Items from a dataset
• • • • • • •
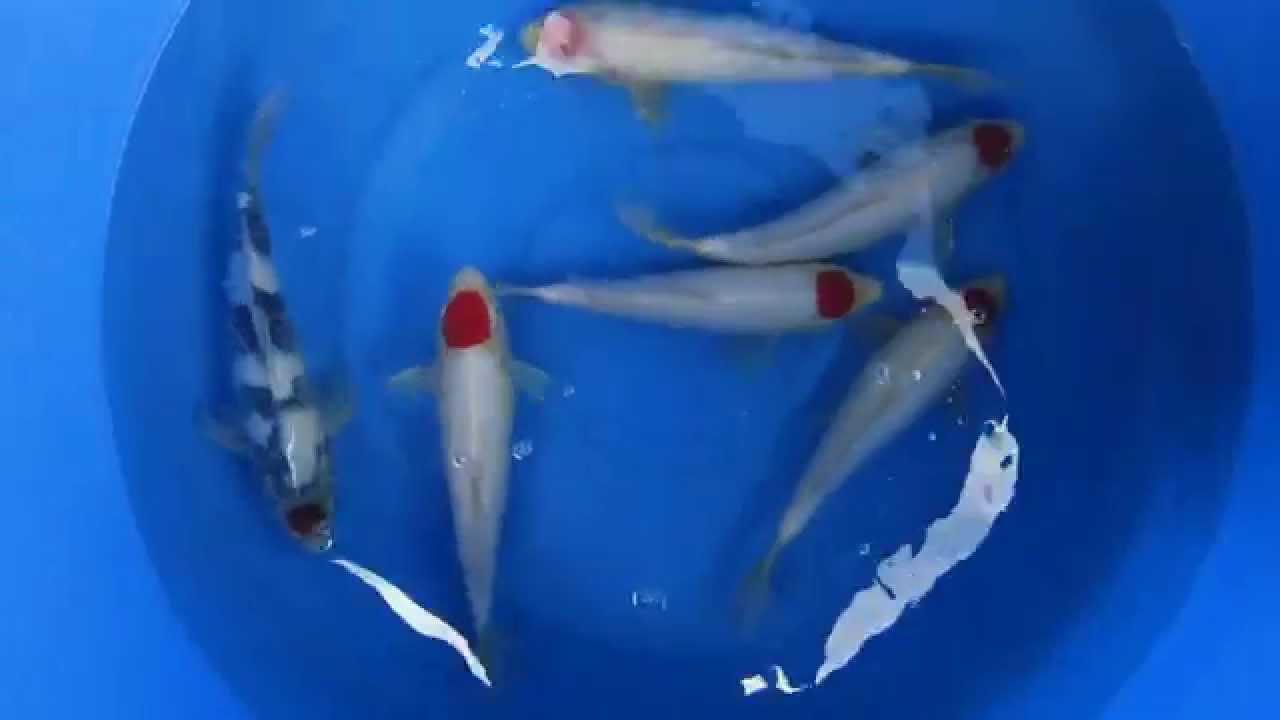 Zoo-Flottmann-Tancho Jumbo-Tosai von Ogata Koi Farm
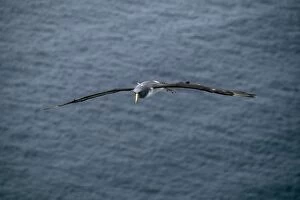 AU-45-GR Chatham Island Shy ALBATROSS / Mollymawks - Flying over sea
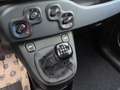 Fiat Panda 1.0 FireFly S&S Hybrid Bianco - thumbnail 14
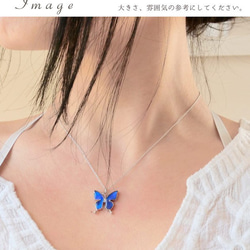 本物の蝶の羽　蝶ネックレス　スカシジャノメ　[zps004r-sk] 6枚目の画像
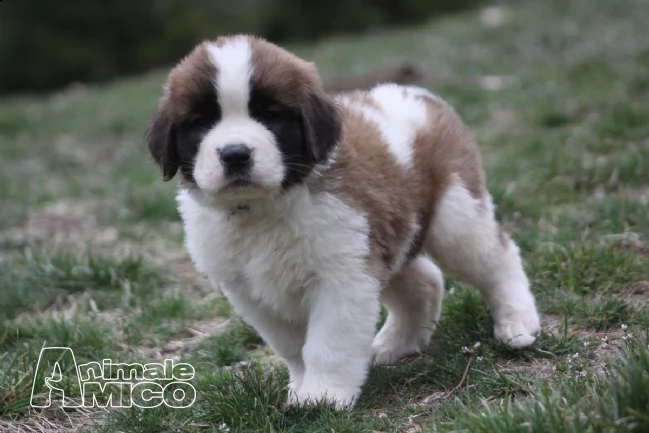 cuccioli di bulldog francese con pedigree | Foto 9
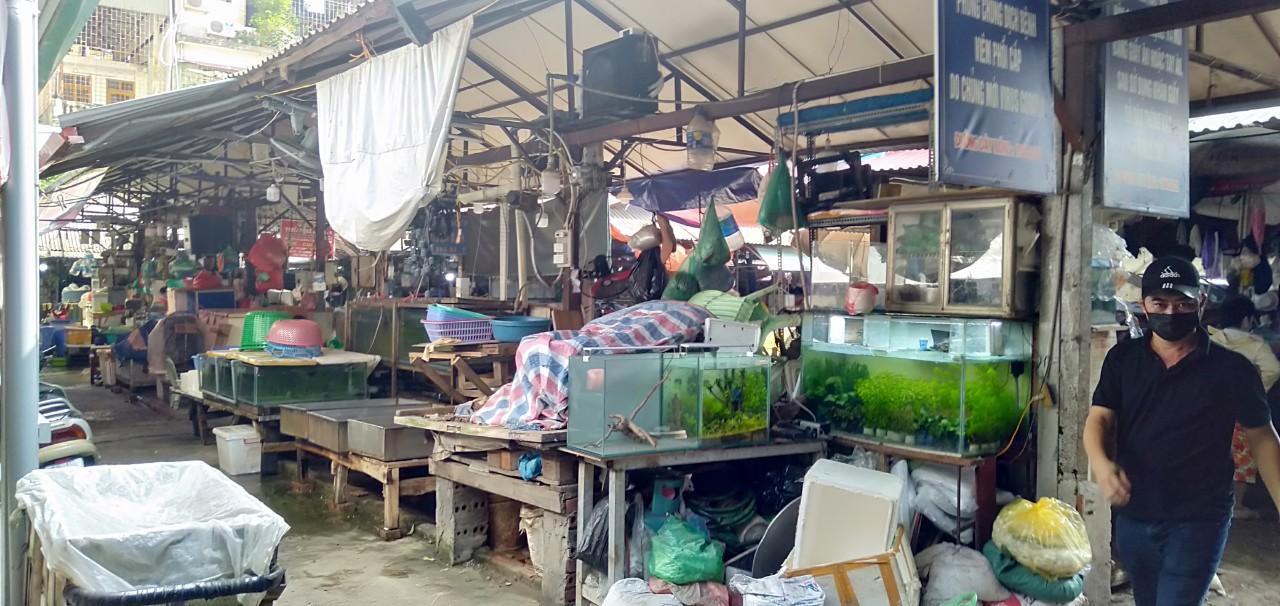 Ứớc mong đời thường của người Hà Nội mùa dịch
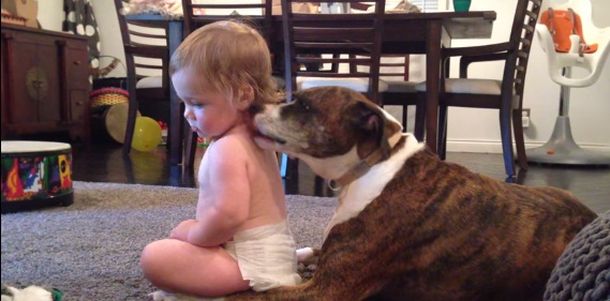 VIDEO: Un adorable perro da un baño a una bebé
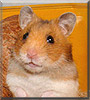 Cornflake the Golden Syrian Hamster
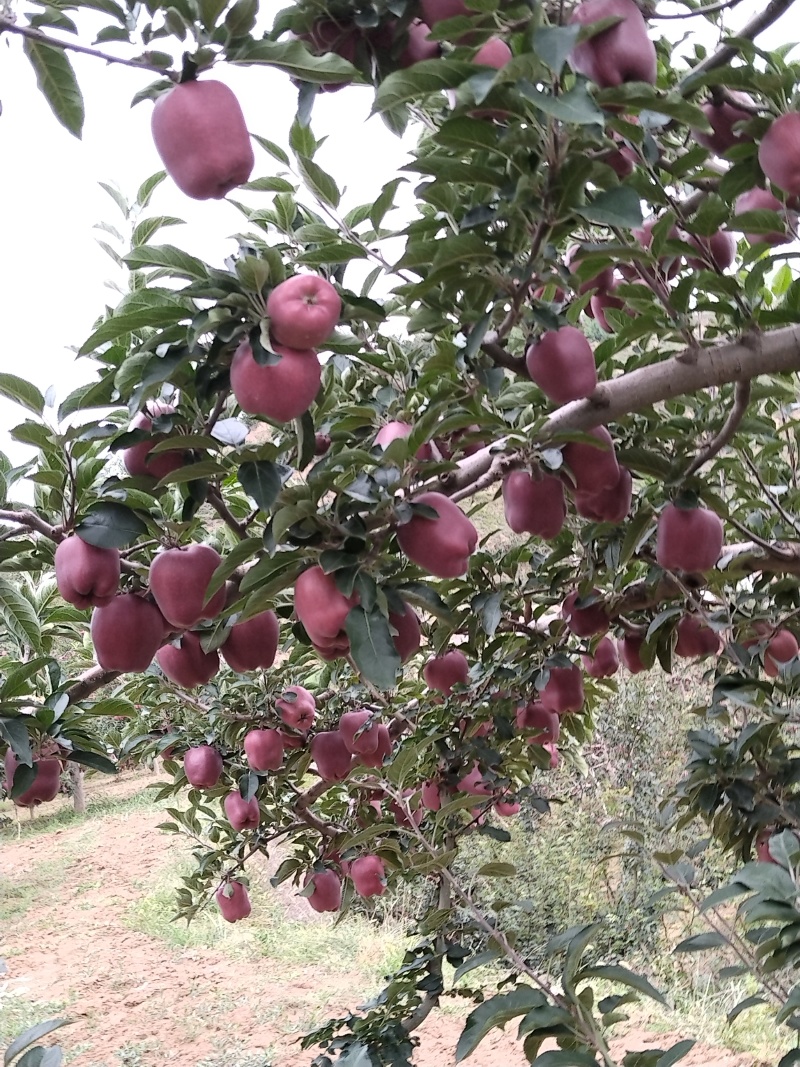 天水花牛苹果
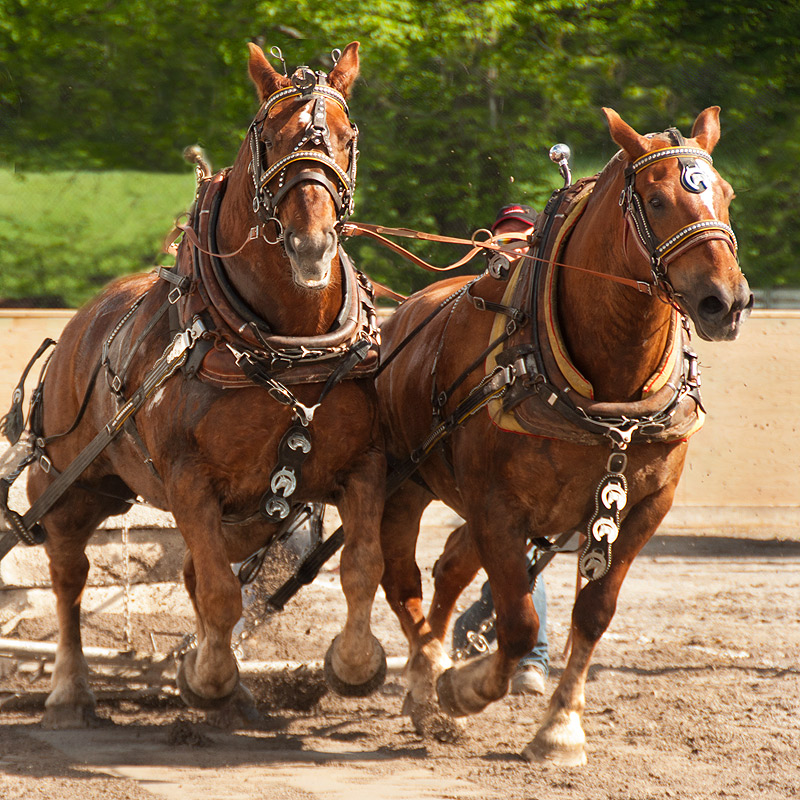 Hooves churning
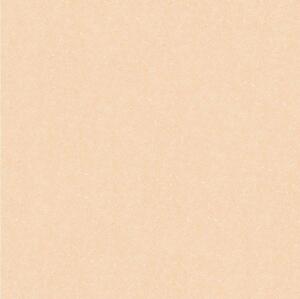 Gạch lát nền CB66007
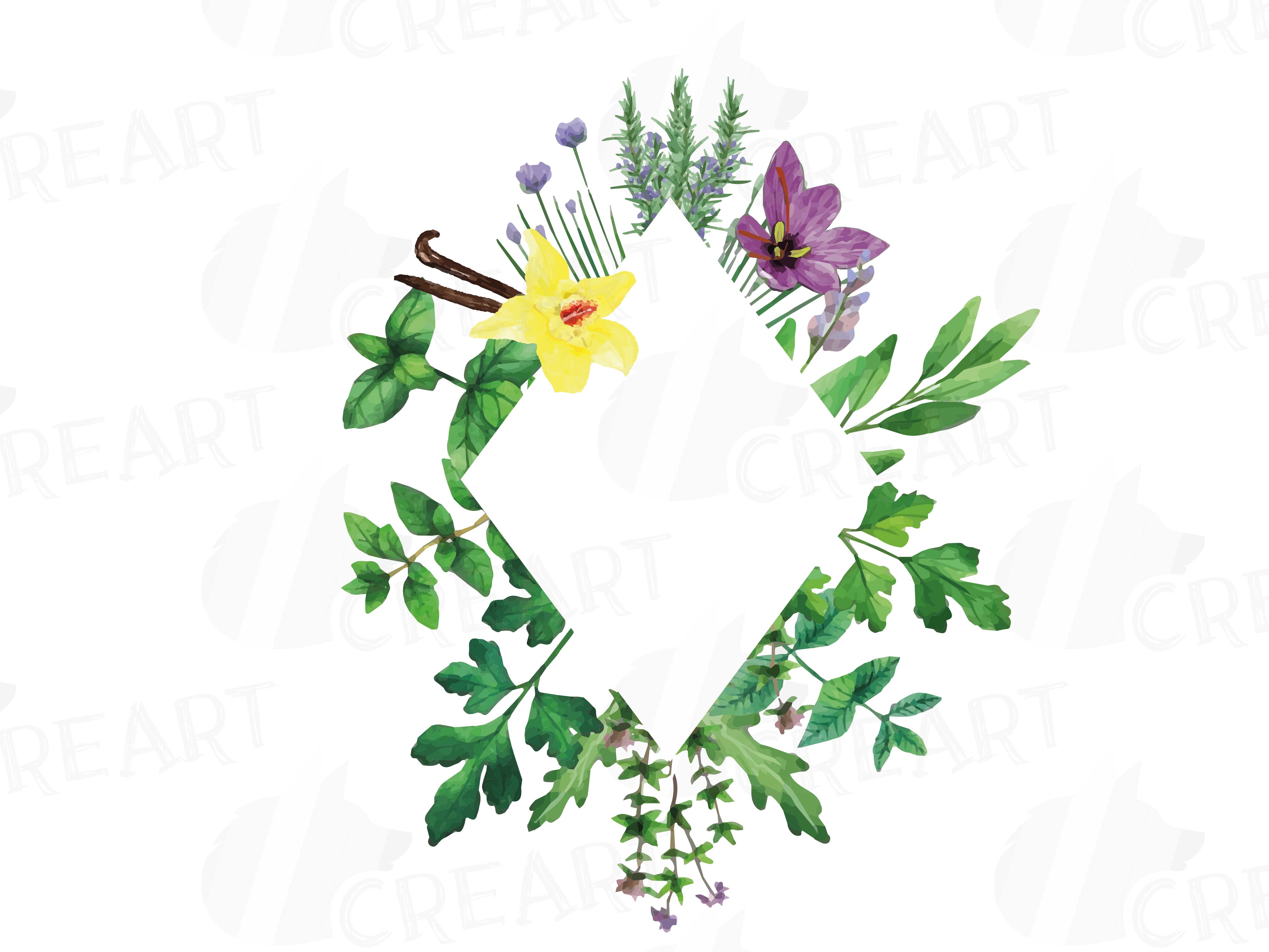 Herbs And Spices Frames Watercolor Clip Art Pack Watercolor Herb Leaves Borders Png Svg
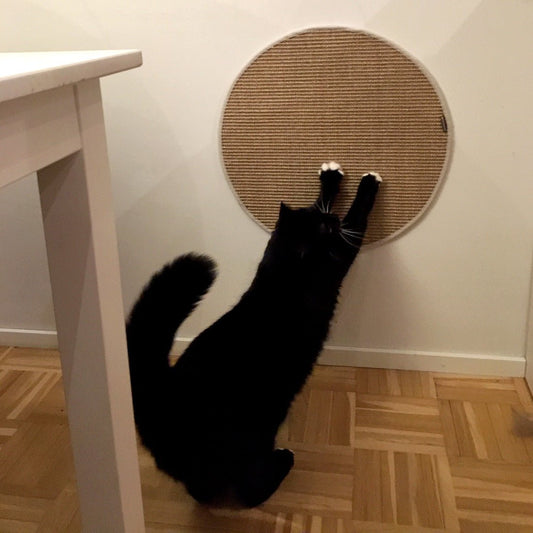 Kissan Lätty - raapimismatot - vakiokoot - Ananimalab.com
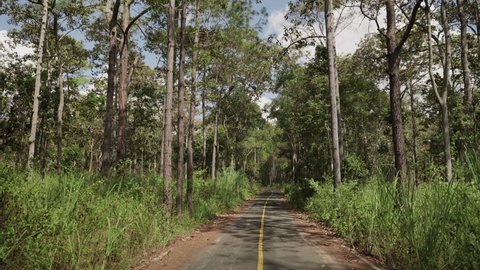  footage of road that cuts through a rainforest in a tropical country
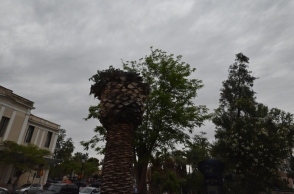 βουνα, ουρανός, δάσος, συννεφα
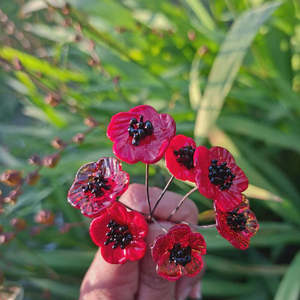 Mini Glass Poppy Flowers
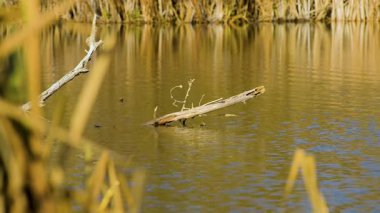Doğanın güzel manzarası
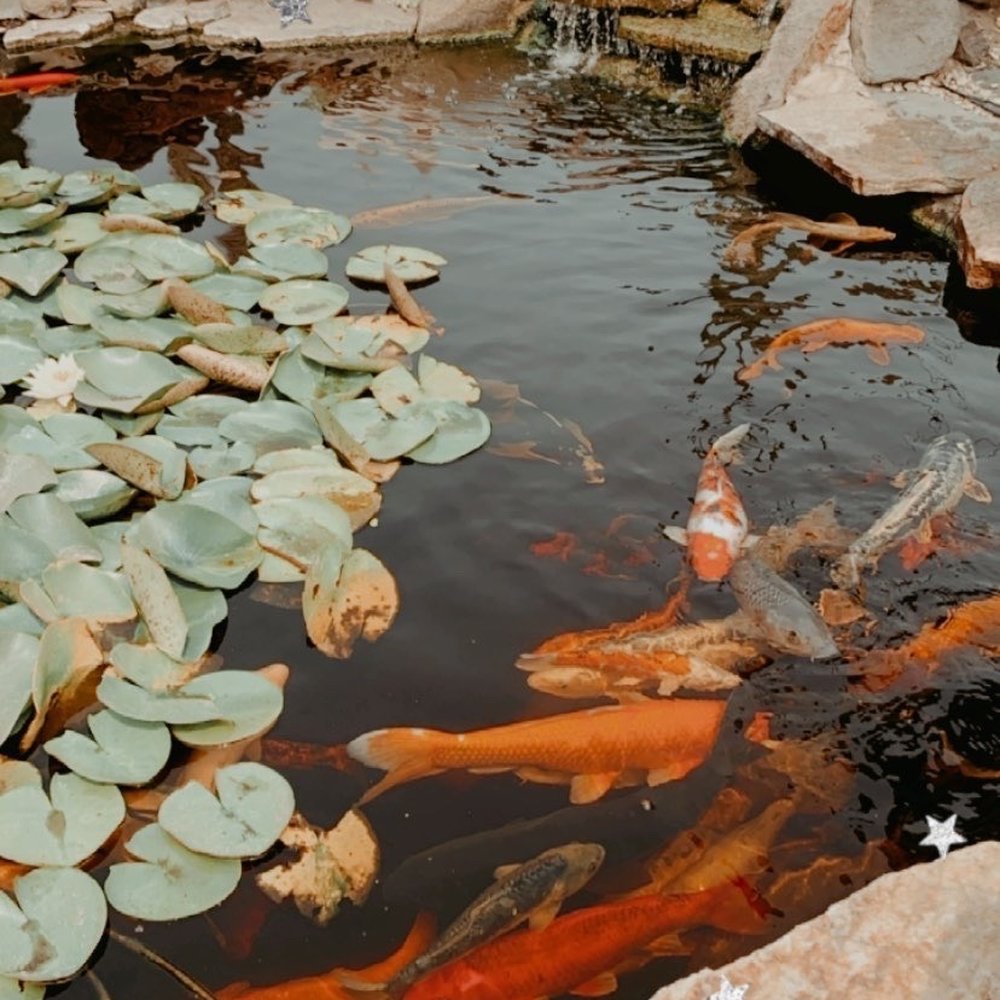 Poot's Cactus Nursery - Koi pond - Nurseries & Gardening Near Me - Ripon, California Poot's Cactus Nursery - Koi pond - Nurseries & Gardening Near Me - Ripon, California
• • • • • • •
[Exercise directions]
Output the records above verbatim. Pictures stay out.

[Solution to this problem]
 Zoo-Flottmann-Tancho Jumbo-Tosai von Ogata Koi Farm
 AU-45-GR Chatham Island Shy ALBATROSS / Mollymawks - Flying over sea
 Fiat Panda 1.0 FireFly S&S Hybrid Bianco - thumbnail 14
 本物の蝶の羽　蝶ネックレス　スカシジャノメ　[zps004r-sk] 6枚目の画像
 cuccioli di bulldog francese con pedigree | Foto 9
 Ứớc mong đời thường của người Hà Nội mùa dịch
 VIDEO: Un adorable perro da un baño a una bebé
 Cornflake the Golden Syrian Hamster
 天水花牛苹果
 Hooves churning
 Gạch lát nền CB66007
 Herbs And Spices Frames Watercolor Clip Art Pack Watercolor Herb Leaves Borders Png Svg
 Kissan Lätty - raapimismatot - vakiokoot - Ananimalab.com
  footage of road that cuts through a rainforest in a tropical country
 βουνα, ουρανός, δάσος, συννεφα
 Mini Glass Poppy Flowers
Doğanın güzel manzarası
 Poot's Cactus Nursery - Koi pond - Nurseries & Gardening Near Me - Ripon, California Poot's Cactus Nursery - Koi pond - Nurseries & Gardening Near Me - Ripon, California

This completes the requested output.